RE: [PATCH] drm/amdgpu: report bad status in GPU recovery

"Zhou1, Tao" <Tao.Zhou1@xxxxxxx> · Thu, 1 Aug 2024 03:47:40 +0000

[AMD Official Use Only - AMD Internal Distribution Only]

> -----Original Message-----
> From: Lazar, Lijo <Lijo.Lazar@xxxxxxx>
> Sent: Wednesday, July 31, 2024 9:31 PM
> To: Zhou1, Tao <Tao.Zhou1@xxxxxxx>; amd-gfx@xxxxxxxxxxxxxxxxxxxxx
> Subject: Re: [PATCH] drm/amdgpu: report bad status in GPU recovery
>
>
>
> On 7/31/2024 3:35 PM, Tao Zhou wrote:
> > Instead of printing GPU reset failed.
> >
> > Signed-off-by: Tao Zhou <tao.zhou1@xxxxxxx>
> > ---
> >  drivers/gpu/drm/amd/amdgpu/amdgpu_device.c | 9 +++++++--
> >  1 file changed, 7 insertions(+), 2 deletions(-)
> >
> > diff --git a/drivers/gpu/drm/amd/amdgpu/amdgpu_device.c
> > b/drivers/gpu/drm/amd/amdgpu/amdgpu_device.c
> > index 355c2478c4b6..b7c967779b4b 100644
> > --- a/drivers/gpu/drm/amd/amdgpu/amdgpu_device.c
> > +++ b/drivers/gpu/drm/amd/amdgpu/amdgpu_device.c
> > @@ -5933,8 +5933,13 @@ int amdgpu_device_gpu_recover(struct
> amdgpu_device *adev,
> >             tmp_adev->asic_reset_res = 0;
> >
> >             if (r) {
> > -                   /* bad news, how to tell it to userspace ? */
> > -                   dev_info(tmp_adev->dev, "GPU reset(%d) failed\n",
> atomic_read(&tmp_adev->gpu_reset_counter));
> > +                   /* bad news, how to tell it to userspace ?
> > +                    * for ras error, we should report GPU bad status instead
> of
> > +                    * reset failure
> > +                    */
> > +                   if
> (!amdgpu_ras_eeprom_check_err_threshold(tmp_adev))
> > +                           dev_info(tmp_adev->dev, "GPU reset(%d)
> failed\n",
> > +                                   atomic_read(&tmp_adev-
> >gpu_reset_counter));
>
> Better to check reset_context.src == AMDGPU_RESET_SRC_RAS to confirm that
> the reset is indeed triggered due to ras error.

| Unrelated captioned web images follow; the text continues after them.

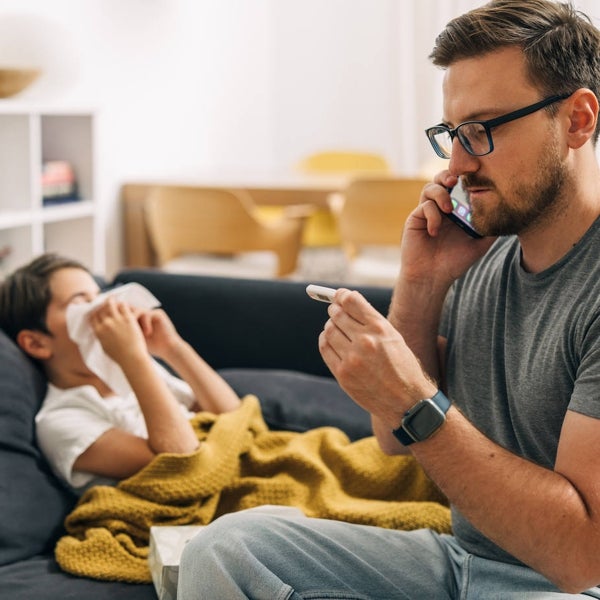 El permiso laboral al que pueden acogerse los padres para cuidar de sus hijos y que la empresa tiene que pagar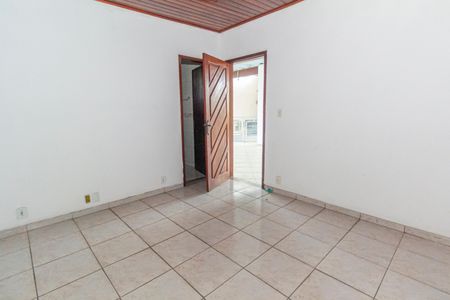 Casa para alugar com 240m², 4 quartos e 4 vagas Casa para alugar com 240m², 4 quartos e 4 vagasSuíte 2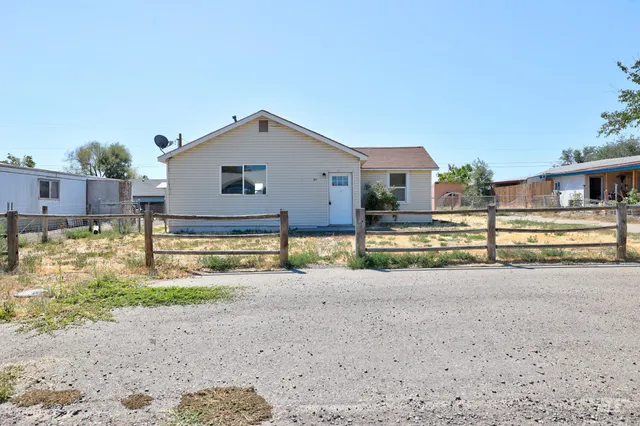 $172,000 | 167 West 3rd Avenue, Glenns Ferry, ID 83623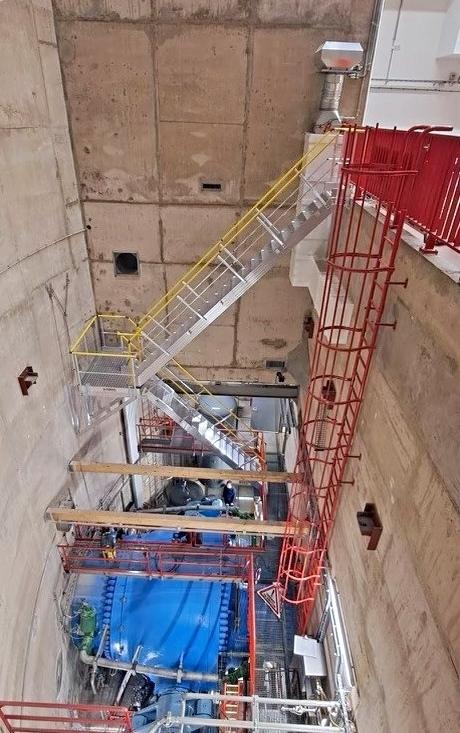 Escalier de secours zone turbine dans une usine hydroélectrique (F892200694 – Escalier access technique turbine avec mur vouté retouché (2)) | Fortal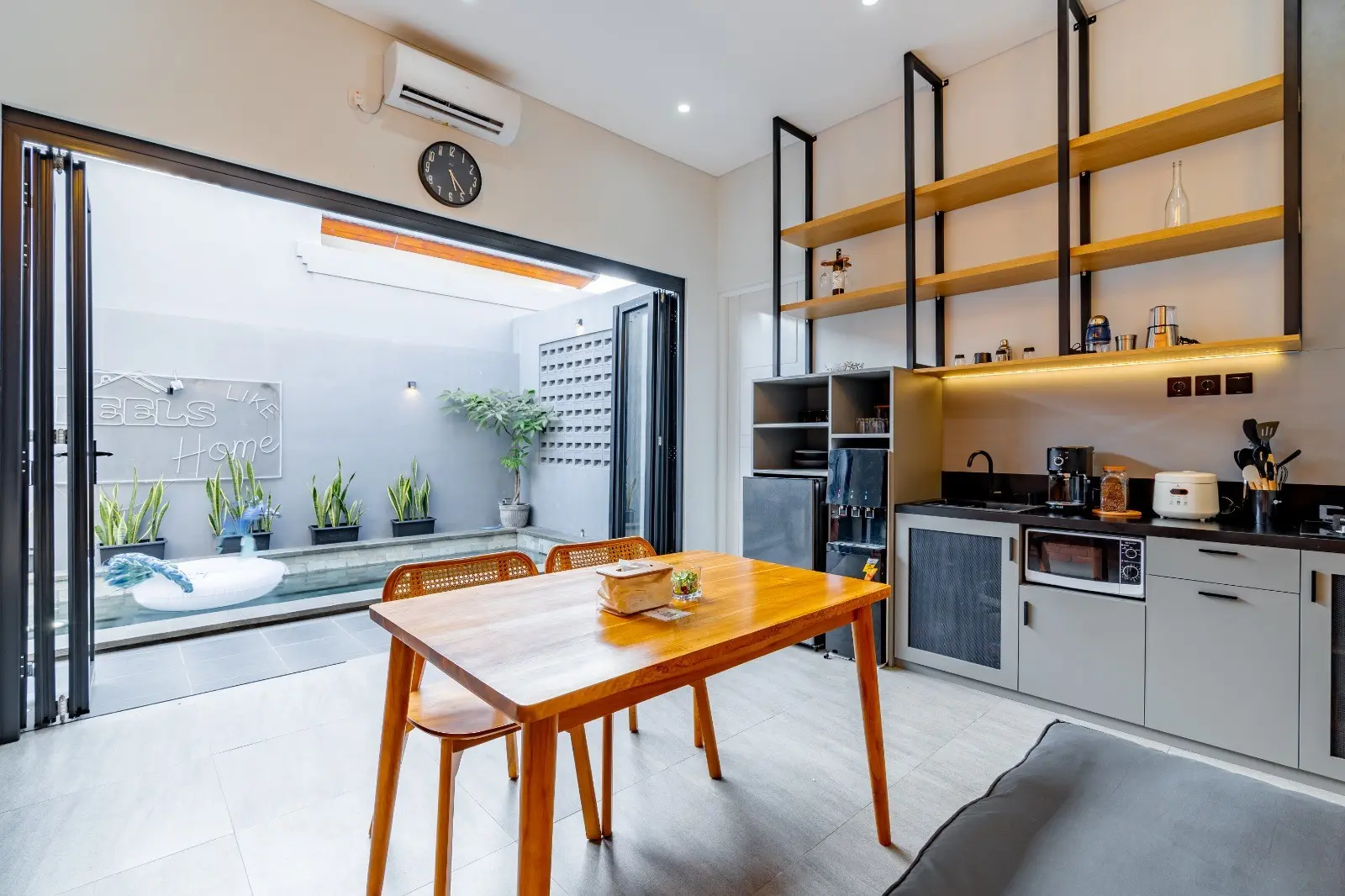 Cozy 2-Bedroom Family Villa - 10 Min to the Beach — image 2
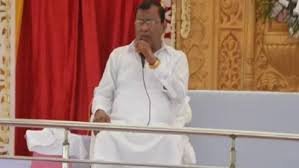 Hathras Stampede: भोले बाबा खुद को बताता था ईश्वर, 'चमत्कारी चाय' पीने के लिए दूर-दूर से आते थे लोग 3 image 55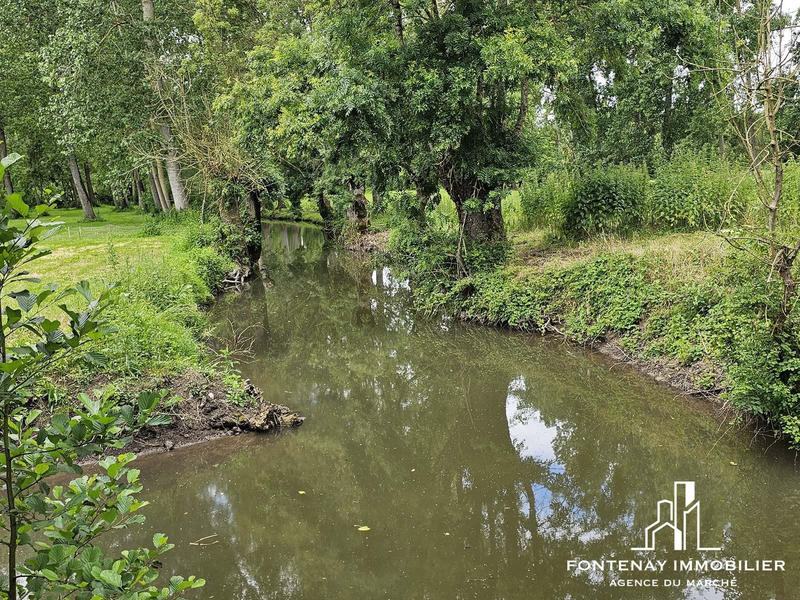 Maison - 220 m² - 11 pièces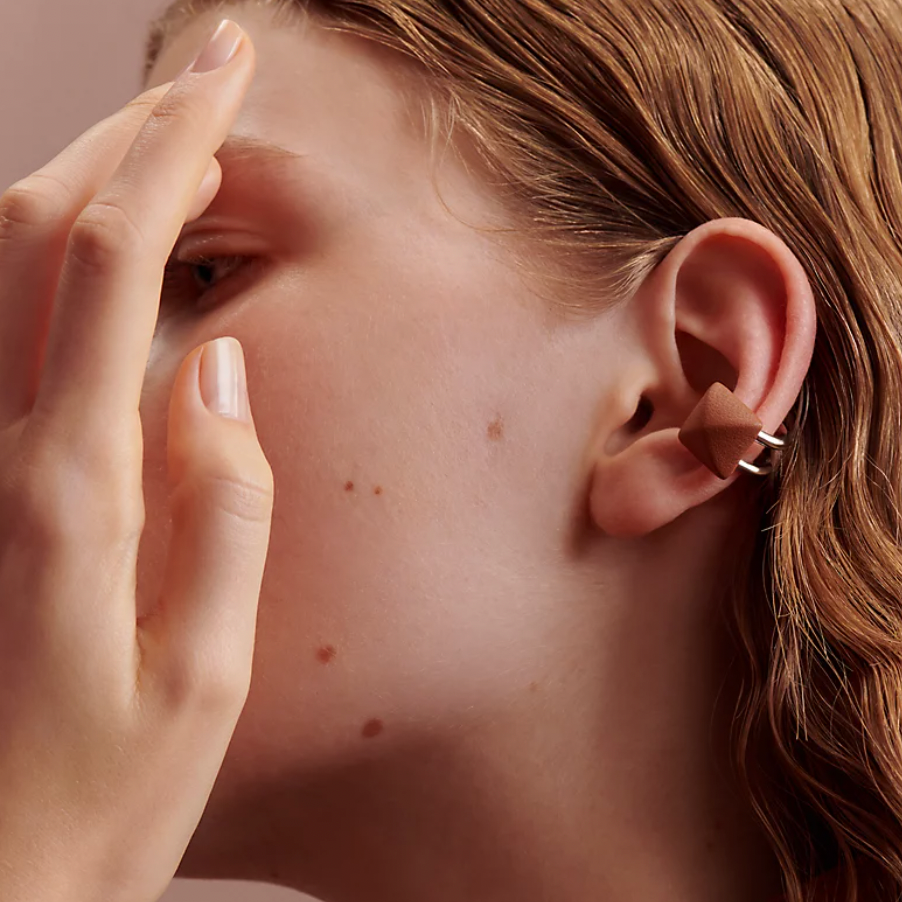 イヤーカフ 《メドール・ガイネ》 – Orangebox2020 イヤーカフ 《メドール・ガイネ》 – Orangebox2020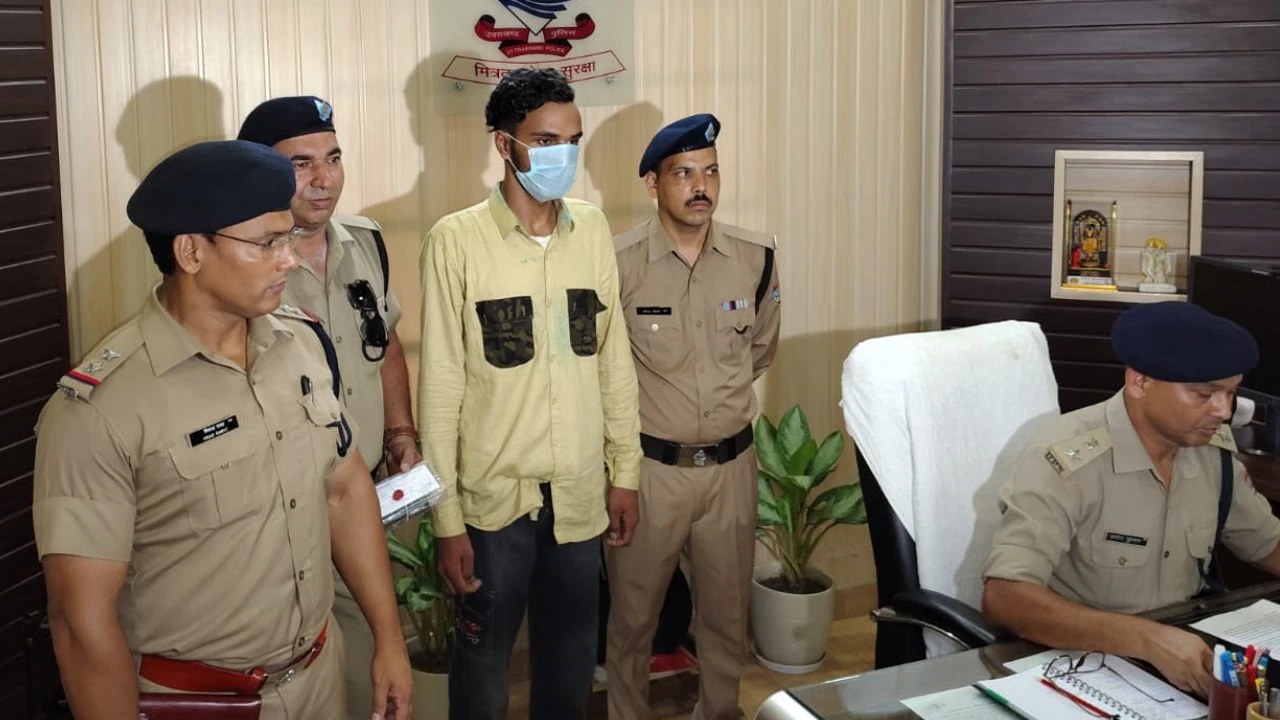 उत्तराखंड: पुलिस थानों को बम धमकी देने वाला युवक अंबाला से गिरफ्तार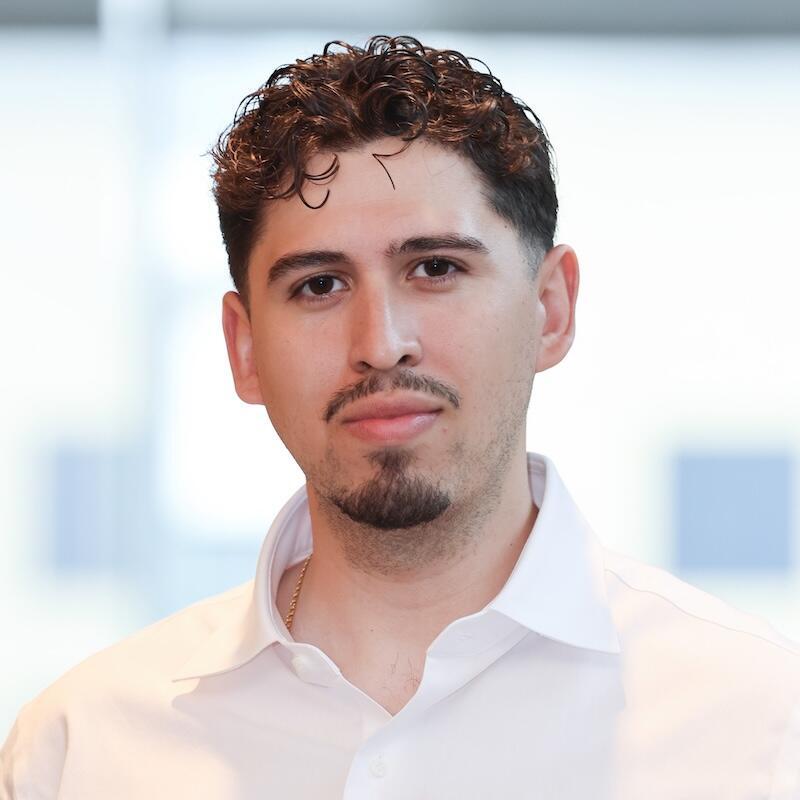Michael Arbelaez-Munoz headshot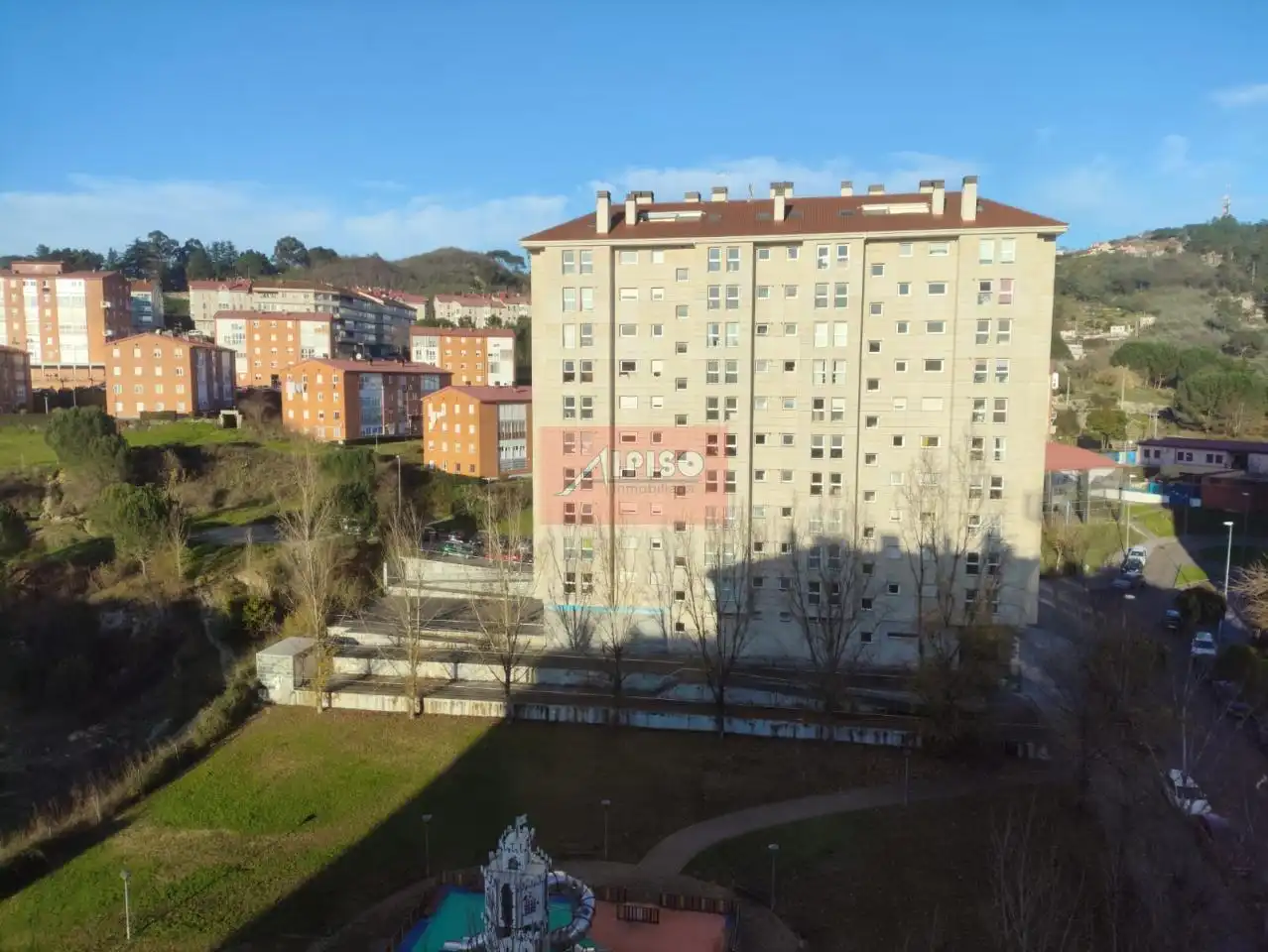 Vista exterior de Dúplex en venda en Ourense Capital  amb Calefacció i Terrassa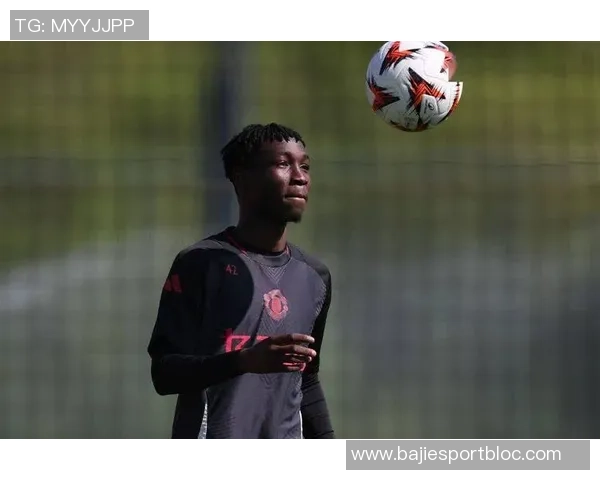 曼联形势向好冬窗不再急迫莱昂外租或成新选择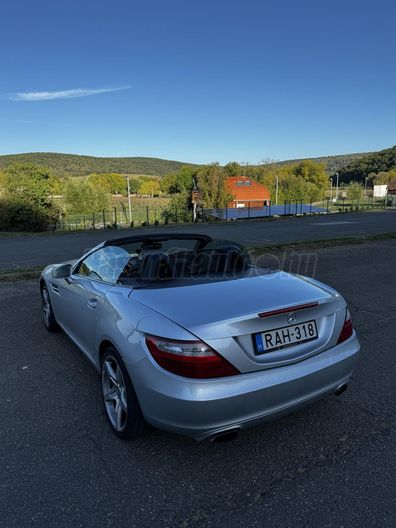 MERCEDES-BENZ SLK 200
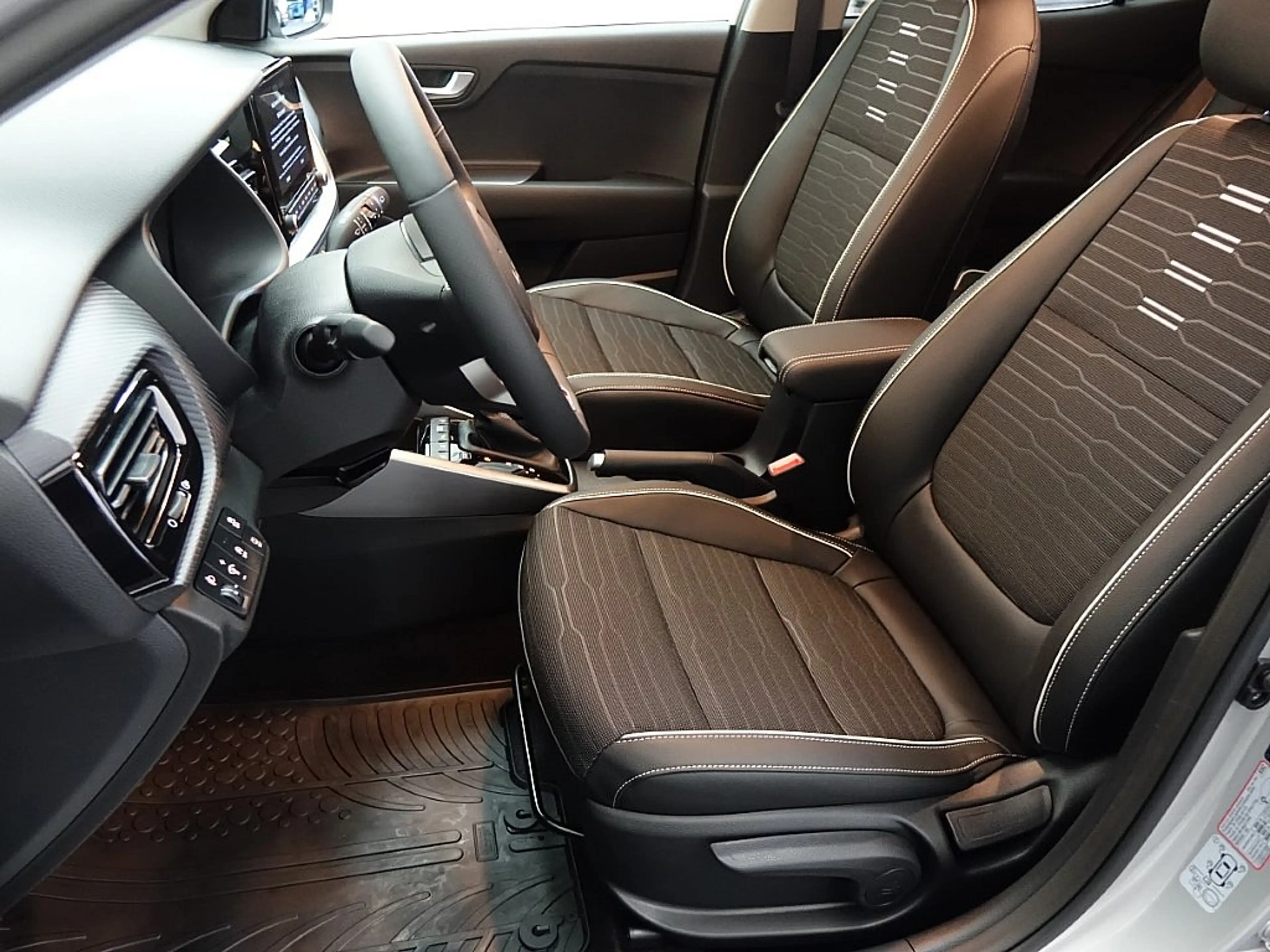 Kia Stonic 1,0 TGDI GPF ISG GT-Line 48V DCT Aut. *VOLLAUSS... — photo 6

[Tao] It seems AMDGPU_RESET_SRC_RAS is not used currently, I will set it before use the flag.

>
> Thanks,
> Lijo
>
> >                     amdgpu_vf_error_put(tmp_adev,
> AMDGIM_ERROR_VF_GPU_RESET_FAIL, 0, r);
> >             } else {
> >                     dev_info(tmp_adev->dev, "GPU reset(%d)
> succeeded!\n",
> > atomic_read(&tmp_adev->gpu_reset_counter));